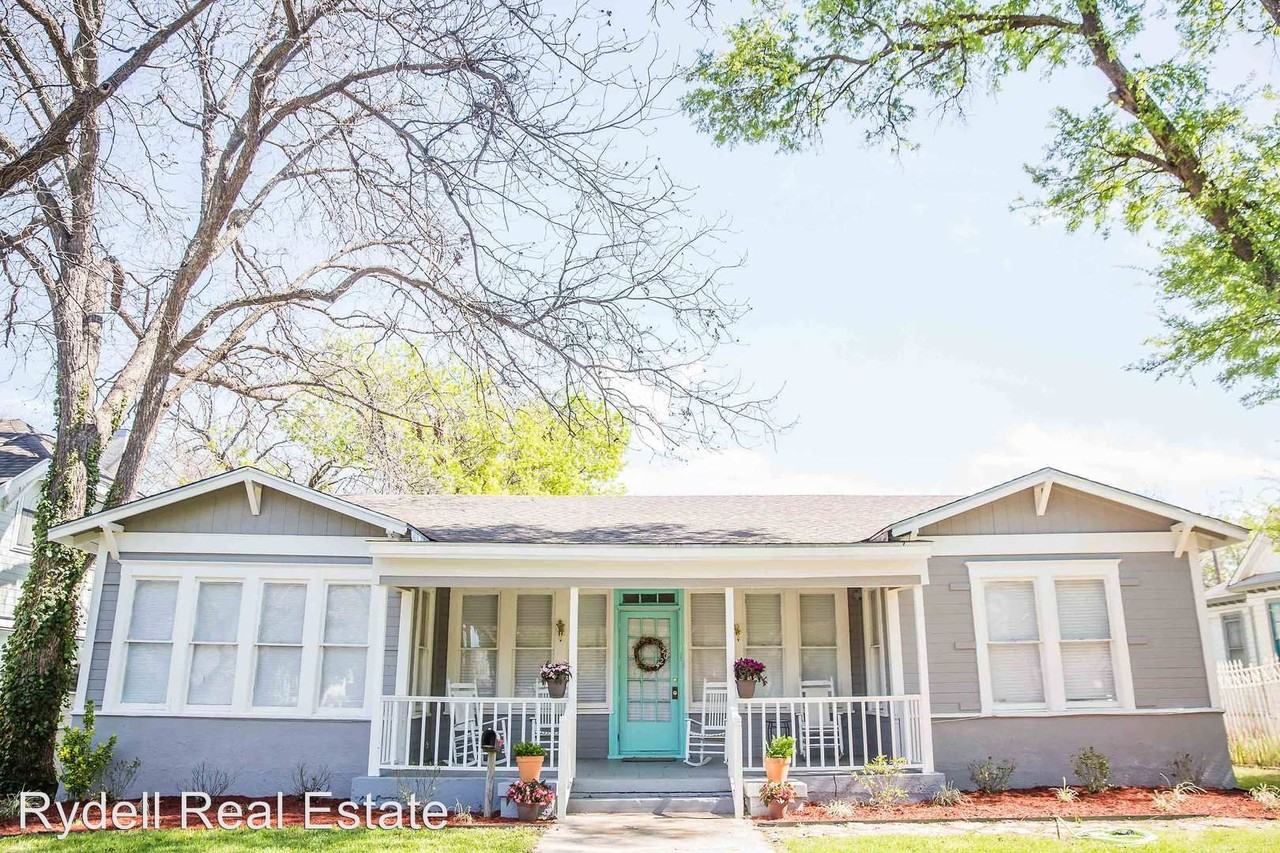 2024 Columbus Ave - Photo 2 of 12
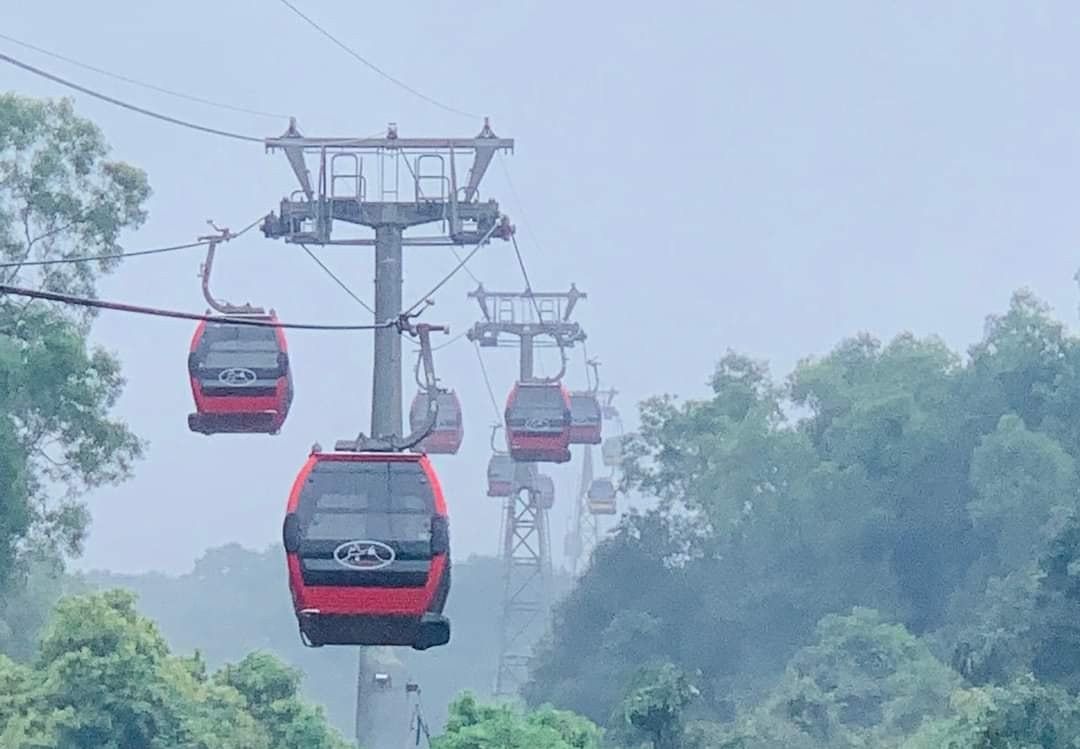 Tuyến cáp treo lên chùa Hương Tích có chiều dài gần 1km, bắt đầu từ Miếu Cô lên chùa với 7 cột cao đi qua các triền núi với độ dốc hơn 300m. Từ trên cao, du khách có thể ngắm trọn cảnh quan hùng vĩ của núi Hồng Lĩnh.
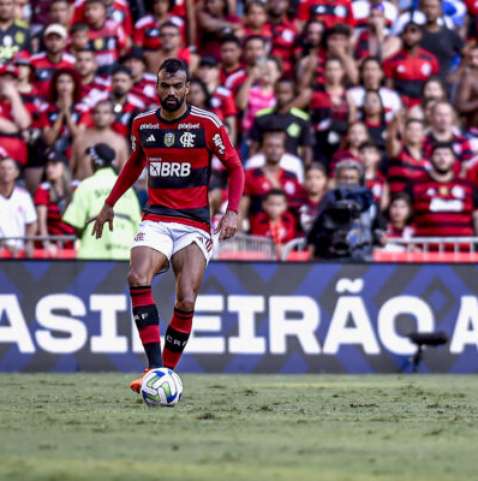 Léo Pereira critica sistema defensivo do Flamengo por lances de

* * *

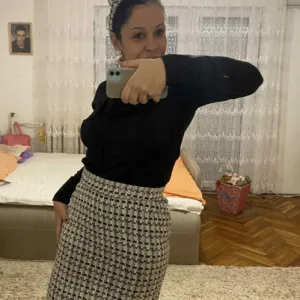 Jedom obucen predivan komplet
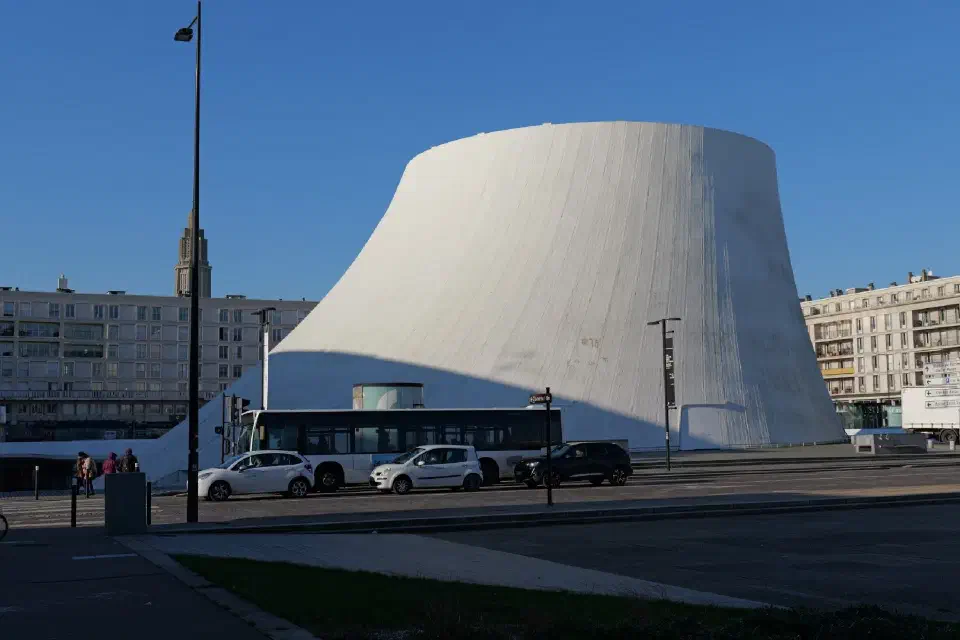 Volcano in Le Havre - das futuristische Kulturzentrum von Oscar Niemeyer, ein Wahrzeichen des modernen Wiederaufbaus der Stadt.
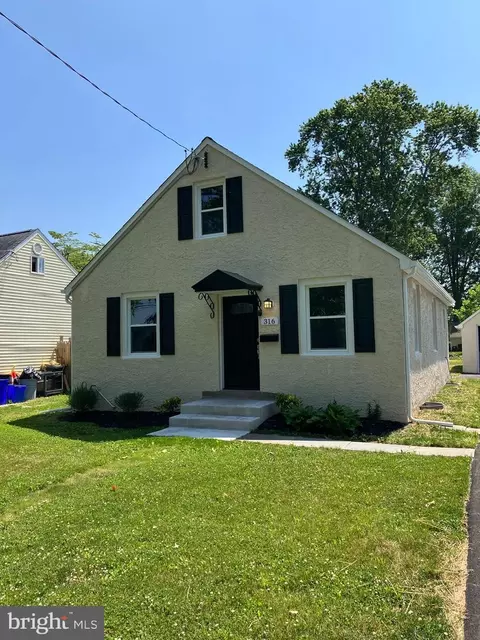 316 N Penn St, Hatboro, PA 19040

Try it: Your copy should hold the lines from the one with "2024 Columbus Ave - Photo 2 of 12" up to and including the one with "Léo Pereira critica", exactly as in the data above, and no pictures.

Result of the task:
 2024 Columbus Ave - Photo 2 of 12
 Tuyến cáp treo lên chùa Hương Tích có chiều dài gần 1km, bắt đầu từ Miếu Cô lên chùa với 7 cột cao đi qua các triền núi với độ dốc hơn 300m. Từ trên cao, du khách có thể ngắm trọn cảnh quan hùng vĩ của núi Hồng Lĩnh.
 Léo Pereira critica sistema defensivo do Flamengo por lances de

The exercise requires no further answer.